McLoughlin stabbed at the box with his finger. "Look at his initials," he said. "Keith Chapel. K.C. I rang the warden of his hostel. The old boy used to ramble on endlessly about a garage he'd owned and what a success it was until a woman spread lies about him and he was forced to sell up. You knew all about it. Dammit, it was you who prompted Mrs. Goode to tell the story."

"Only by hearsay," Walsh muttered. "I never met the man. He was gone by the time Maybury disappeared. I thought Casey was a name. Everyone called him Casey. It's in the file as Casey."

"You're damn right it's in the file. For a bit of hearsay, you gave it a hell of an airing. Great story, shame about the facts. Was that about the size of it?"

"It's not my fault if people thought she killed her parents. We just recorded what they told us."

"Like hell you did! You fed it to them first. Jesus, you even hoicked it out for my benefit the other evening. And I believed it." He shook his head. "What did she do, for pity's sake? Laugh? Call you a dirty old man? Threaten to tell your wife?" He waited for a moment. "Or couldn't she hide her revulsion?"

"You're suspended," Walsh whispered. His hands quivered with a life of their own.
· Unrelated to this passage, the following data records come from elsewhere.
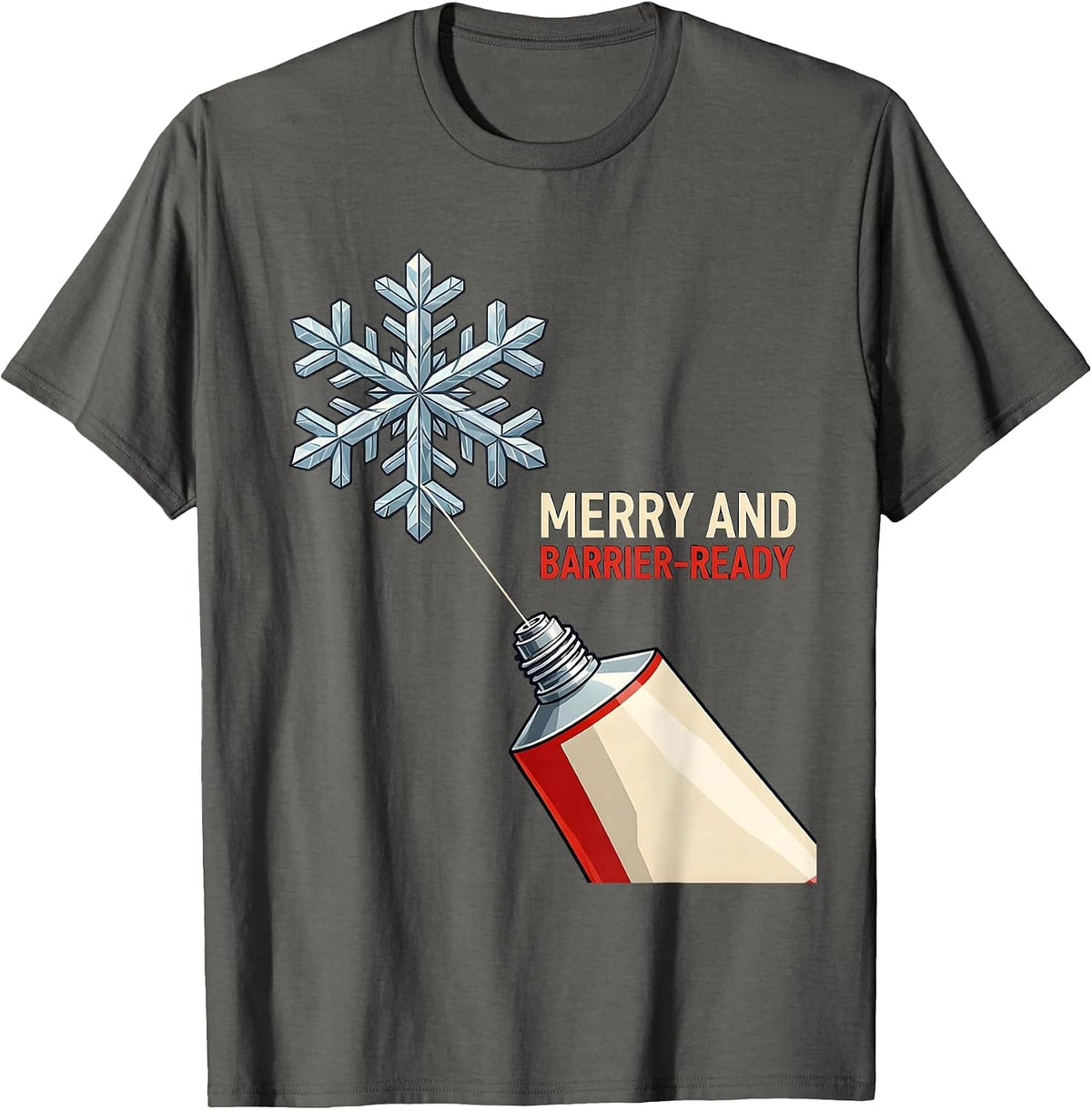 Men's Merry And Barrier-Ready Esthetician Dermatology Christmas T-Shirt - Asphalt Grey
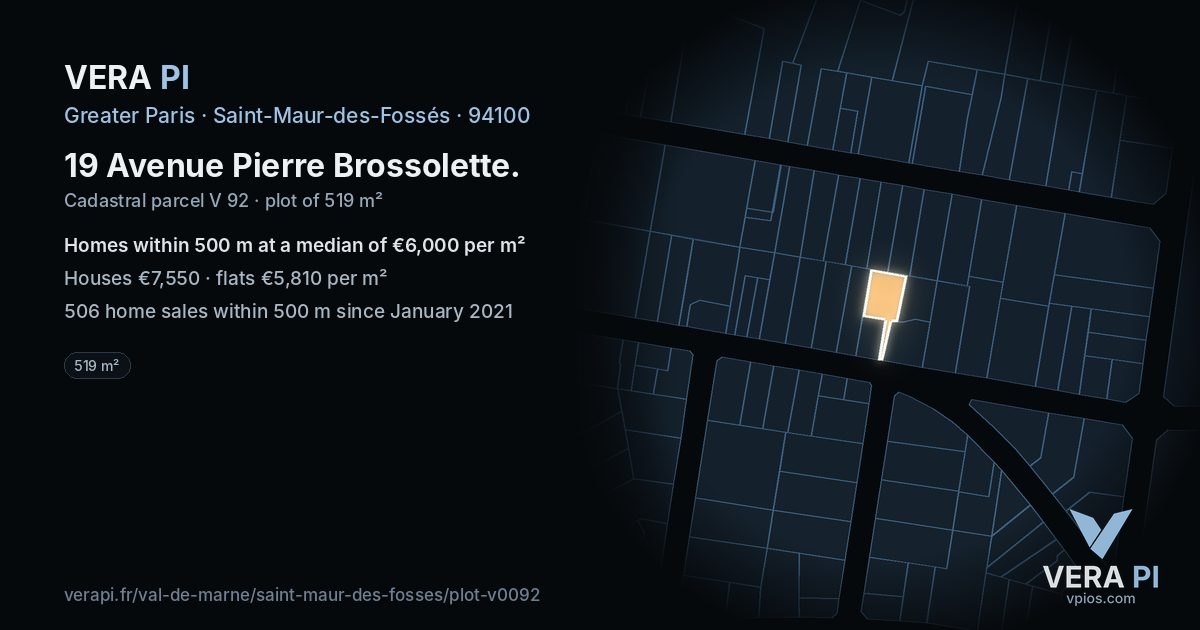 19 Avenue Pierre Brossolette, Saint-Maur-des-Fossés at night – the plot lit, the parcels around coloured by the prices near them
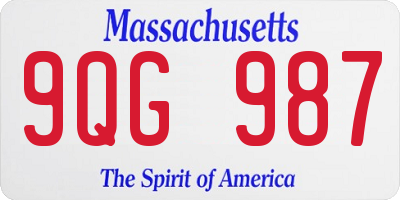 MA license plate 9QG987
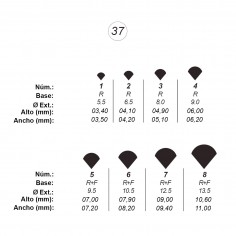 Agujas de perforar ref.37 (8 números)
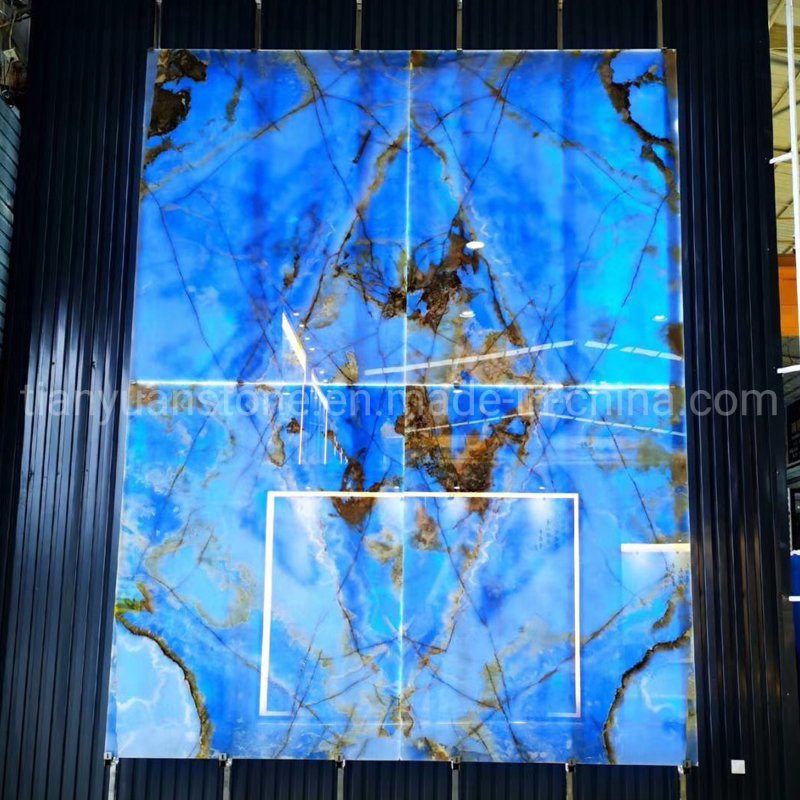 Natural Blue Onyx Marble Slab for Wall Tiles, Flooring Tiles, Stairs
"What for? Uncovering the truth?" He slammed his palm on to the missing persons' list. "You bastard! You had the bloody nerve to accuse me of negligence. Those trousers should have registered with you. You heard them described twice in twelve hours. How many men wear pink slacks, for Christ's sake? You knew a man had been reported missing wearing pink trousers. And it wasn't difficult to find Wally. If I'd had that information when I spoke to him-" He shook his head angrily and reached for his briefcase. "There's Dr. Webster's final report." He flung it on to the desk. "Judging by the fact that Wally felt K.C.'s clothes were fit to wear, I think we can safely assume they were neither ripped with a knife nor bloodsoaked. The poor old chap probably died of cold."

"He went missing five months ago," muttered the Inspector. "Where was he for the first two months?"

"In a cardboard box in a subway, I should think, just like all the other poor sods this bloody awful society rejects."

Walsh moved restlessly. "And Maybury? You know all the answers. So where's Maybury?"

"I don't know. Living it up in France, I expect. He seems to have had enough contacts out there through his wine business."

"She killed him."

McLoughlin's eyes narrowed. "The bastard ran away when the money dried up and left her and his two small children to carry the can. It was planned, for God's sake." He was silent for a moment. "I can't think of one good reason why he would have wanted to punish them but, if he did, he must have been praying for a shit like you to turn up." He walked to the door.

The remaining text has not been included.